No matter what, we've got a bad 5 to 10 years ahead of us. Mr. Jeffers is correct and Jeffery Brown's Export Land model is correct. If we don't replace the oil we are presently importing, we'll soon be trying to run our economy on less than 5,000,000 Barrels of oil per day. As Mr Jeffers has pointed out, the delivery trucks won't make it to the grocery store.

The US has approximately 270,000,000,000 tons of recoverable coal in the ground. If we can turn each ton into 4BBL of liquid fuel, that's about a quadrillion barrels, enough to last 135 years at present consumption rates. (Sorry about the 300 year number. Next time I'll do my own math.)
This also assumes that we replace coal in our requirements for fixed power with nukyaler.

Given the alternative, holding US consumption where it is sounds great! Our trade deficit ( and not coincidently, the Federal deficit ) runs about $2000 per person per year. We can't keep financing worldwide economic development on borrowed money. It will stop of its own accord. We'll be broke. Well, we are broke, but until someone notices, maybe we can improve things for the longer term.

I'm not against solar power, or wind or geothermal or fusion, or anything that replaces what we're buying from overseas. I'd love to see us run on renewable fuel. None of the above are really yet practical and we just can't wait.

But, we do know how to mine coal, generate nuclear power and to convert coal to oil. The other needed process for thermal extraction of hydrogen from water is known. All of these technologies have existed since the 1950s or before.
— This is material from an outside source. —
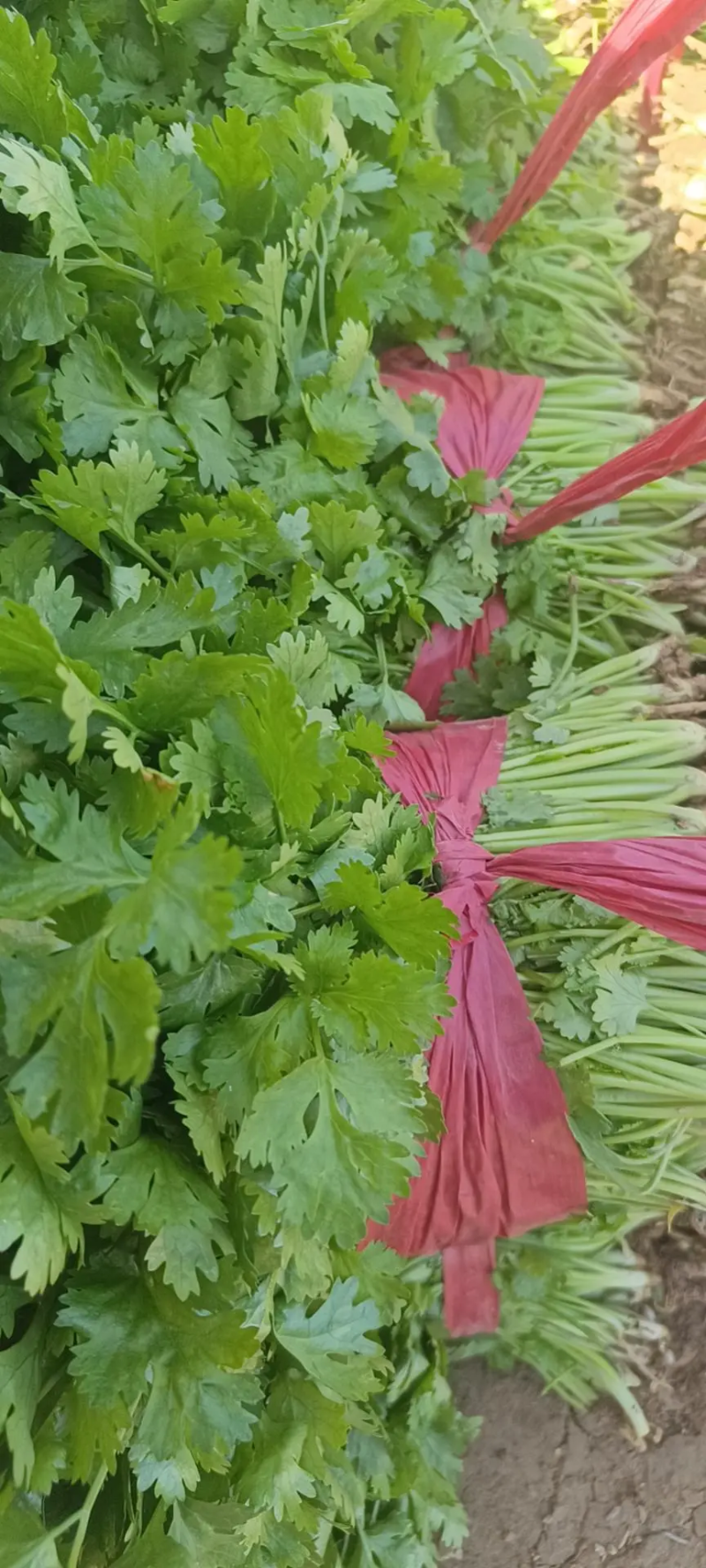 精品香菜大量上市需要的老板联系联系高度25-28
The product of this will run our present day vehicles.

Rome is burning, Nero is fiddling.

Coal Guy

Anonymous said...

Sorry, that a trillion barrels, not a quadrillion.

Regards,
Coal Guy

Anonymous said...

The coal left in the US is 'crap coal', brown, nasty, high sulphur sub-bituminous solid slag, with atrocious energy densities. In fact, the US is presently IMPORTING hard anthracite coal from South Africa. Go read Heinberg's papers.

Liquefying, processing, and refining what we have left and turning into a usable high density liquid transport fuel (i.e. methanol) results in a massive net loss in terms of available energy. Total process is less than 15% efficient, total energy in vs. usable energy out.
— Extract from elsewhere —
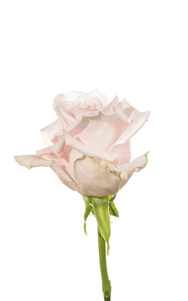 Sweet Escimo Rose second stage of bloom, premium Ecuadorian rose for export by Royal Flowers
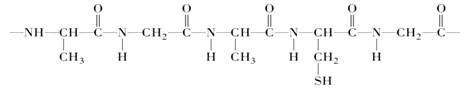 科学家从某人的食糜中发现有如下图所示结构的化合物,那么:(1)这种化合物叫________,构成它的基本单位是________。 科学家从某人的食糜中发现有如下图所示结构的化合物,那么:(1)这种化合物叫________,构成它的基本单位是________。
Not only that, you cannot convert 2000 pounds of coal at 15-20 MJ/kg energy density = 1344 pounds of diesel (your 4 barrels=168 gallons) at 32 MJ/kg, I call your bluff, math is clearly not your forte!
Even assuming 100% conversion efficiency and no external inputs, you managed to actually create extra energy in the process, and defied the laws (both #1 and #2) of physics simultaneously. Nice.
Call Einstein and let him know.

Based on Sasol's real world experience (the largest coal to liquids outfit in the world) and assuming anthracite coal is used in the first place, the best one can hope for is 42% conversion efficiency (discounting all other inputs).

Further, USGS 1996 figures show estimates of total US coal reserves were approximately 17.6 billion metric tons, a mere fraction of what you claim to start with.
Thus, assuming complete conversion, we'd have exhausted our entire coal supply in just 6 years!! (17,600,000,000 tons * 2000 lb/ton * 42% conversion / 8 lb/gal / 42 gal/barrel / 20,000,000 barrels/day consumption / 365days/year)

We would be better served by simply burning it for electricity (at roughly 40% efficiency).